Dizon tells DLSU students: Don’t be like Brice, Henry
Secretary Vince Dizon of the Department of Public Works and Highways (DPWH) on Thursday reminded students and graduates of his alma mater, De La Salle University (DLSU), not to follow in the footsteps of Henry Alcantara and Brice Hernandez, two of the DPWH engineers who were dismissed after being linked to massive corruption involving flood control projects.
Dizon made the call during the first DPWH “job fair” held at the university, which he considered as a way for the agency to attract young, reform-minded personnel.
Going in the ways of Alcantara and Hernandez will only land one in jail, he said.
‘Sorry, dean’
But when told by the audience that Hernandez actually graduated from DLSU, Dizon gasped and immediately apologized to the dean of the college of engineering, who was present at the program.
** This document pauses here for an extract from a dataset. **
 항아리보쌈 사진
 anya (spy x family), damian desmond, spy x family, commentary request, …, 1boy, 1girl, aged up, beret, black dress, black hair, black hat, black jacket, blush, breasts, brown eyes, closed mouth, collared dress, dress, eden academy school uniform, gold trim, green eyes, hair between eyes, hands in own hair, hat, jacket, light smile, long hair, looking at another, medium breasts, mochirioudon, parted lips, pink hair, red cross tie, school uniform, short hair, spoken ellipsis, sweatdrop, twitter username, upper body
“Brice is from La Salle!? Oh my God. Sorry, dean, I’m very sorry,” he said. “I didn’t know Brice was from La Salle. Terrible.”
Hernandez, a former assistant district engineer of the DPWH-Bulacan First Engineering District, emerged as a key figure in last year’s congressional investigation of public works anomalies. The Commission on Audit also named him in its fraud audit reports on several projects that were traced to his office.
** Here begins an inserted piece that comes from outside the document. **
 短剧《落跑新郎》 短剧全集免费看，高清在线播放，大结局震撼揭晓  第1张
At one point, Hernandez admitted owning several luxury cars and was questioned how he could have possibly afforded them on a P70,000 monthly salary.
He later turned over his luxury cars to the Independent Commission for Infrastructure “as a sign of good faith and his willingness to further cooperate with the Commission.”
Now detained at Quezon City Jail, Hernandez recently pleaded not guilty to the graft charges filed against him at the Sandiganbayan in connection with a P92.8-million flood control project in Bulacan.
Enthusiasm for reforms
At the job fair, Dizon said hiring fresh graduates would help the DPWH tap new talents and push internal reforms to curb corruption and improve its public image.
The fair mostly offered positions in engineering and accounting.
“It really says a lot about the social involvement of your generation that despite the bad things that happened this past year, in the past so many years where the DPWH is in the forefront of everything that is bad in government, you are still here,” Dizon said in a speech.
Asked to comment on the Philippines again dropping in the global rankings in the 2025 Corruption Perceptions Index, the secretary said President Marcos had ordered him to do the following:
“Keep making people accountable, jail those who deserve to be jailed, return stolen wealth, and continue implementing reforms.’’
“And this,” he said, referring to the recruitment drive. “Injecting new blood and a new breed of engineers and accountants into the DPWH is a huge part of it.”